Non sempre si riesce a trasformare un buon giornalista in un capace dirigente d’azienda. «Leo» Manfrini ne era l’esempio: tanto bravo sul campo quanto in difficoltà come gestore. Se me ne ricordo scrivendo di Antonio Riva è perché l’amico scomparso in dicembre a 85 anni fu il protagonista di una mutazione riuscita. Nelle sue nuove funzioni (fino a direttore generale della Radiotelevisione svizzera dal 1988 al 1996) Riva non dimenticò mai di essere stato tra i protagonisti «di un’epoca televisiva all’insegna del nonconformismo competente ed entusiasta» – come scrisse a Willy Baggi («laRegione», 19 dicembre).
Direttore generale della Radiotelevisione svizzera, Antonio Riva si rifiutò nel 1981 di consegnare alla polizia gli spezzoni non trasmessi del filmato di una manifestazione davanti a Palazzo federale. Un esempio da proporre al Governo francese e al suo recente progetto di introdurre un divieto generale di fotografare o filmare la polizia in azione durante le manifestazioni di piazza. Con tutta la comprensione per il compito difficile dei tutori dell’ordine, vi sono elementi di uno stato di diritto che non possono essere compressi neppure in una situazione «delicata».
Oggi si ha tendenza a svalutare il Sessantotto ticinese, con le sue ingenuità e i suoi errori (piena luce non è stata fatta ancora sugli appoggi che l’eversione armata lombarda trovò anche nel nostro territorio). Il moto di fondo che lo caratterizzava, ossia la rivendicazione di rapporti nuovi tra i sessi, i partiti e le classi, interessò strati sociali non solo popolari ma anche «aristocratici»: i figli delle famiglie ricche del cantone, della cui fedeltà ai politici compartimenti stagni in cui si divideva il Paese nessuno avrebbe mai dubitato. Antonio Riva usciva da una di queste famiglie (oggi se ne espone la quadreria settecentesca alla Pinacoteca Züst di Rancate, vedi articolo a pg. 27). Era stato attivo nella ormai non più tanto «conservatrice» Lepontia Cantonale; frequentava il circolo di intellettuali cattolici che si esprimeva sul foglio (poi rivista) «Dialoghi»: un fondo di idee e di convinzioni che portò con sé quando, nel 1966, si impiegò alla giovane TSI e subito dovette difendere la posizione sostenuta nei documentari di Leandro Manfrini sulla guerra in Vietnam e l’intervento americano. Non si trattava di una posizione preconcetta o sentimentale, rifletteva – ispirato da Willy Baggi – un dato culturale: la conoscenza dei rapporti storici tra il piccolo Vietnam e l’immensa Cina e l’inquietudine dei migliori cervelli del giornalismo d’allora: i famosi articoli di Harrison Salisbury da Hanoi, pubblicati dal «New York Times» nel 1967, che il Rapporto McNamara nel 1971 avrebbe confermato.

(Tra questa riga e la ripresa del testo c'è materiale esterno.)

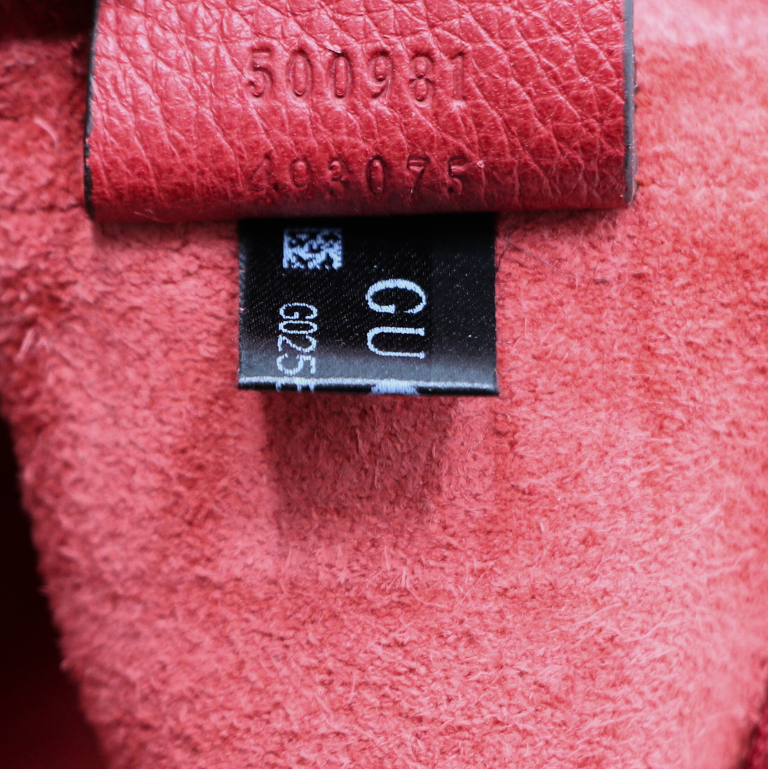 Gucci Pebbled Calfskin Medium Logo Portfolio Clutch Hibiscus Red 500981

A questi sentimenti di fondo, Antonio Riva associò sempre una prudente valutazione delle forze in presenza nel piccolo mondo della RTSI, rappresentate all’interno della CORSI. Posso immaginare (non ho le prove…) che i molti mesi trascorsi tra la mia offerta di ingresso alla TSI e l’atto della nomina, nel 1981, fossero l’indice di resistenze che Antonio, mio futuro superiore diretto, dovette superare in nome della professionalità. Non sarà perciò mai abbastanza lodata la scissione tra struttura istituzionale (la CORSI) e il programma (RSI, TSI), sancita per iniziativa della Direzione generale molti anni dopo. Posso aggiungere una cosa? È di questo livello di professionalità che continua ad avere bisogno la RSI: se ne tenga conto anche nella discussione sulla sorte del Parlato di Rete Due.